Philippe Lançon, le lambeau, Gallimard, 2018

Avant chacune de ses descentes au bloc, Philippe Lançon relit la fameuse scène de la grand-mère dans Le côté de Guermantes, qu’il juge comme « le point de basculement de la Recherche »3 ce moment où le Narrateur quitte l’enfance pour devenir un adulte. Soulignant le caractère morbide et a priori déprimant de cet extrait, un de ses chirurgiens lui dit « Vous n’avez rien de mieux à lire ? ». Et Lançon lui répond que « non, [il n’a] rien de mieux à lire ». Ce que le chirurgien ne comprend pas à ce moment précis, c’est le pouvoir de consolation de l’art et de la littérature, et ce quelle que soit sa nature — joyeuse, triste, pessimiste, etc. Cette consolation n’est d’ailleurs pas obligatoire, ni même systématique : parfois, le mantra n’agit absolument pas. 
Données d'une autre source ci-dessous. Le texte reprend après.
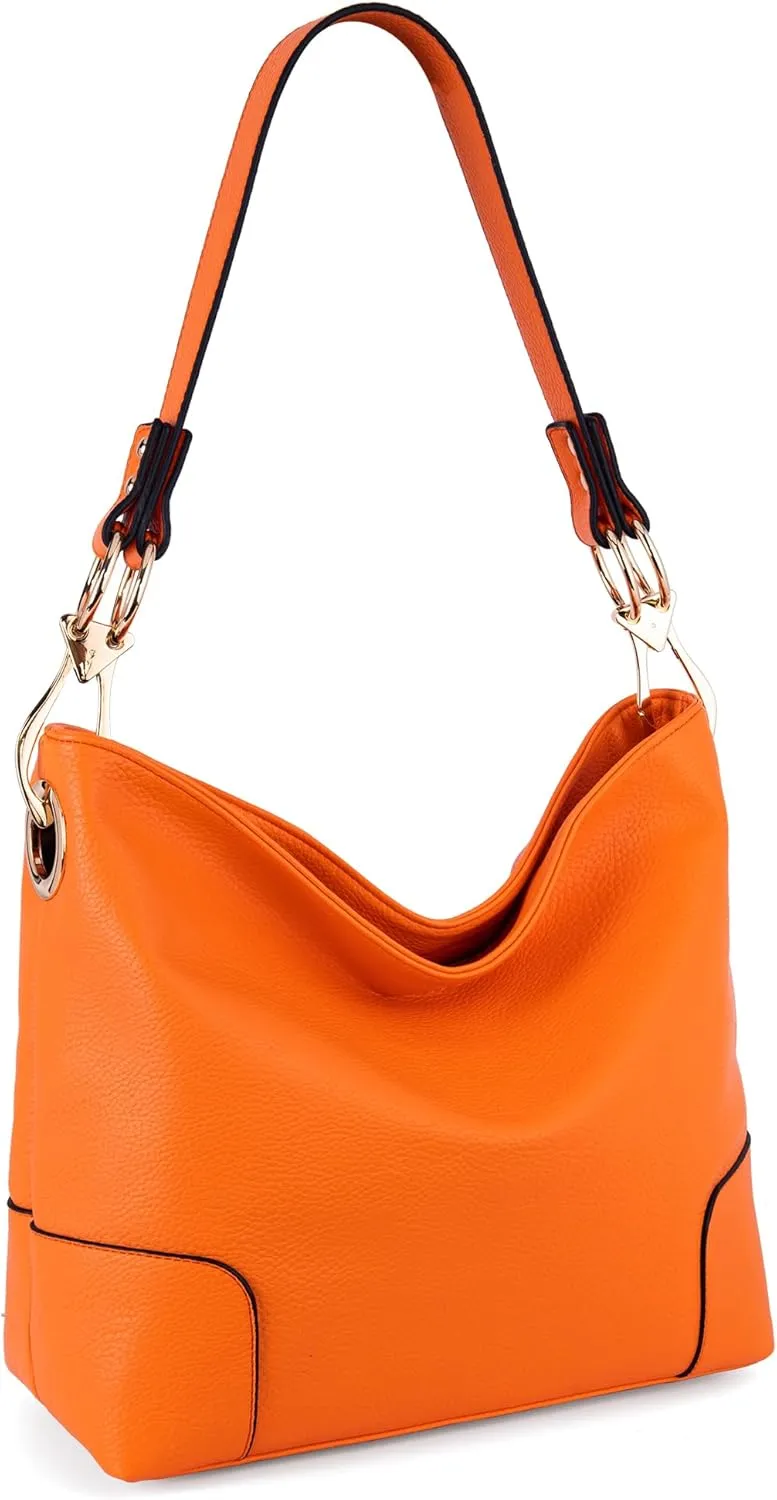 Montana West Medium Hobo Bags for Women Top Handle Satchel Shoulder Purse Bucket Handbag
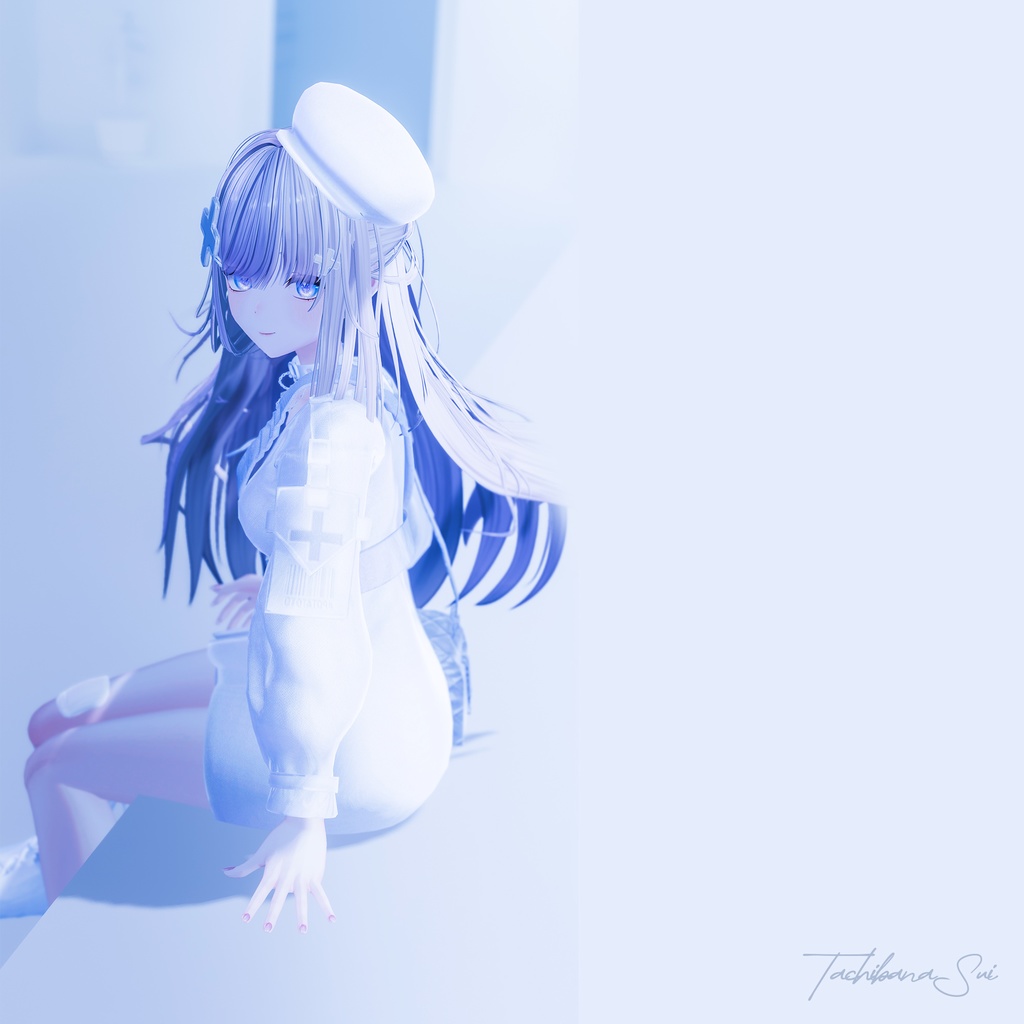 【2025年リニューアル】RuinsRaiderNurse【24アバター対応】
Proust, l’auxiliaire de vie

Catherine Meurisse, qui échappe à l’attentat de Charlie Hebdo (elle n’avait pu se lever pour être à l’heure à la conférence de rédaction, une péripétie que Philippe Lançon nomme en termes proustiens « les intermittences du cœur en panne d’oreiller »), éprouve un véritable culte pour Marcel Proust, son écrivain préféré, qu’elle nomme son « auxiliaire de vie ». Et pourtant, à l’heure de se reconstruire et de combattre le spleen qui naît de cette sorte de culpabilité du survivant, même Proust et la Recherche ne lui seront d’aucun secours.
Sans forcément en avoir conscience, Philippe Lançon et Catherine Meurisse ont rejoint une famille d’artistes et d’écrivains qui ont trouvé avec la Recherche une défense et un refuge dans des circonstances extrêmes. Je pense notamment à Jacques Rivière, prisonnier d’un camp allemand pendant la Grande Guerre, et dont Thierry Laget nous dit, dans Proust Prix Goncourt, qu’il pensait souvent à Du coté de chez Swann. Puis, pour suivre la chronologie du vingtième siècle, qui est comme une progression constante dans l’abomination, les cas de Jósef Czapski et de Varlam Chalamov méritent un traitement particulier.

Proust à la Kolyma

Czapski et Chalamov ont en commun l’expérience de la lecture de Proust au Goulag, dans des circonstances très différentes4.
Varlam Chalamov (1907−1982) passe près de 20 ans au Goulag, une première fois de 1929 à 1932 à la Vichera, puis, arrêté pendant les grandes purges, il est déporté à la Kolyma en 1937 et n’en sortira qu’après la mort de Staline, dix-sept ans plus tard. Dans cet enfer blanc, surnommé également « le four crématoire blanc », Chalamov travaille à l’extraction de minerai dans des conditions indicibles. Comment imaginer ces hommes à la besogne plus de dix heures par jour, parfois par – 50° ? En 2006, les éditions Verdier ont produit un travail remarquable en éditant pour la première fois l’intégralité des Récits de la Kolyma, qui restituent toute la force et l’horreur de cette expérience concentrationnaire. Dans cette « école négative de la vie » selon l’auteur, quelques rarissimes moments de plaisir, qui sont souvent des moments de lecture, et notamment un récit, « Marcel Proust », consacré à la lecture du Côté de Guermantes, où l’on trouve ces mots bouleversants : « Je n’allais pas dormir au dortoir. Proust avait plus de valeur que le sommeil. » La littérature à la Kolyma, comme dans d’autres expériences extrêmes, joue un rôle important, essentiel, et même si elle est réduite à une portion extrêmement congrue, il n’est pas anodin que la Recherche fasse figure de symbole de sa puissance métaphysique.

Éditer des rômans

Dans un autre texte, un peu antérieur, Chalamov raconte « Comment on édite des rômans » à la Kolyma. Cette activité est celle des truands du camp, qui racontent de longues histoires à voix haute pour divertir les détenus, en « pompant la culture ».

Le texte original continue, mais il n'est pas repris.